Problem to work on
Repeat the records below exactly, beginning at the first line and finishing with the line that contains "Landschap met ruïnes".

Provided data
---------------

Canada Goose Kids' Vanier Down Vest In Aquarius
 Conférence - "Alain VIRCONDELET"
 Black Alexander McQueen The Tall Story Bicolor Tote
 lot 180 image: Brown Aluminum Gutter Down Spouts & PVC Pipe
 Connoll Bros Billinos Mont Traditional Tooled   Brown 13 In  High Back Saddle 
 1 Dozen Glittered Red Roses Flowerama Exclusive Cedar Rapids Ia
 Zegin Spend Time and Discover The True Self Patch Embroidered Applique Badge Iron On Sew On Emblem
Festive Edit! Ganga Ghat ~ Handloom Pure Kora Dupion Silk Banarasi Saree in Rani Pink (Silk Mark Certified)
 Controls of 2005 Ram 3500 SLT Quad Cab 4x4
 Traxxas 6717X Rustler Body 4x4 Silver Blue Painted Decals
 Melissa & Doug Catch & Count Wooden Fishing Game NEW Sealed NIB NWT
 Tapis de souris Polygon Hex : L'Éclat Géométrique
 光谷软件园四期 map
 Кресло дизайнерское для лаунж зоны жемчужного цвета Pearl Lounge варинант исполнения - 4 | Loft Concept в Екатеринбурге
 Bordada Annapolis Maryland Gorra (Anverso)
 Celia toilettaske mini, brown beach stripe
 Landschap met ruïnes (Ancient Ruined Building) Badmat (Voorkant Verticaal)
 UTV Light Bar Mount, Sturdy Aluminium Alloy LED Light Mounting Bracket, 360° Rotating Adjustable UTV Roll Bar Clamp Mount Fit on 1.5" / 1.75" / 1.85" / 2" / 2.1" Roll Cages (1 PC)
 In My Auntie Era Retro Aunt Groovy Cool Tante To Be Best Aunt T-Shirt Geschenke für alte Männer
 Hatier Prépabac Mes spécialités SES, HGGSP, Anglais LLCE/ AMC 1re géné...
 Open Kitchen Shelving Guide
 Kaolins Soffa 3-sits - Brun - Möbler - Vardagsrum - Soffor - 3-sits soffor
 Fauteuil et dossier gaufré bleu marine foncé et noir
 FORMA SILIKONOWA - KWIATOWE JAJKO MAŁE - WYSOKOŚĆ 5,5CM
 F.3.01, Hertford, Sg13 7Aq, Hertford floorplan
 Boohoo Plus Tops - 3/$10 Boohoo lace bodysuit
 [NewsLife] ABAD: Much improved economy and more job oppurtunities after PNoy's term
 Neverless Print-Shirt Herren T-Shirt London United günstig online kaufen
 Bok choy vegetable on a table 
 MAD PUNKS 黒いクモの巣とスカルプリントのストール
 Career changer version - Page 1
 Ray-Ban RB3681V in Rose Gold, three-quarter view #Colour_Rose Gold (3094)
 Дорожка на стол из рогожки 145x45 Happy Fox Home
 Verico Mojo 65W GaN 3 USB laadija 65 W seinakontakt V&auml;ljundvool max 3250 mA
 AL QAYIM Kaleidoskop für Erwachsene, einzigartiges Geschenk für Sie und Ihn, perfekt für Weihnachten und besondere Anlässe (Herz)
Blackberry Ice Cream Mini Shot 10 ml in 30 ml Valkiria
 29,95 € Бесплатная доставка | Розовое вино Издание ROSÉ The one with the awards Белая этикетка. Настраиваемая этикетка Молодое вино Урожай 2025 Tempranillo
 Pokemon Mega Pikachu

---------------

Result of the exercise
Canada Goose Kids' Vanier Down Vest In Aquarius
 Conférence - "Alain VIRCONDELET"
 Black Alexander McQueen The Tall Story Bicolor Tote
 lot 180 image: Brown Aluminum Gutter Down Spouts & PVC Pipe
 Connoll Bros Billinos Mont Traditional Tooled   Brown 13 In  High Back Saddle 
 1 Dozen Glittered Red Roses Flowerama Exclusive Cedar Rapids Ia
 Zegin Spend Time and Discover The True Self Patch Embroidered Applique Badge Iron On Sew On Emblem
Festive Edit! Ganga Ghat ~ Handloom Pure Kora Dupion Silk Banarasi Saree in Rani Pink (Silk Mark Certified)
 Controls of 2005 Ram 3500 SLT Quad Cab 4x4
 Traxxas 6717X Rustler Body 4x4 Silver Blue Painted Decals
 Melissa & Doug Catch & Count Wooden Fishing Game NEW Sealed NIB NWT
 Tapis de souris Polygon Hex : L'Éclat Géométrique
 光谷软件园四期 map
 Кресло дизайнерское для лаунж зоны жемчужного цвета Pearl Lounge варинант исполнения - 4 | Loft Concept в Екатеринбурге
 Bordada Annapolis Maryland Gorra (Anverso)
 Celia toilettaske mini, brown beach stripe
 Landschap met ruïnes (Ancient Ruined Building) Badmat (Voorkant Verticaal)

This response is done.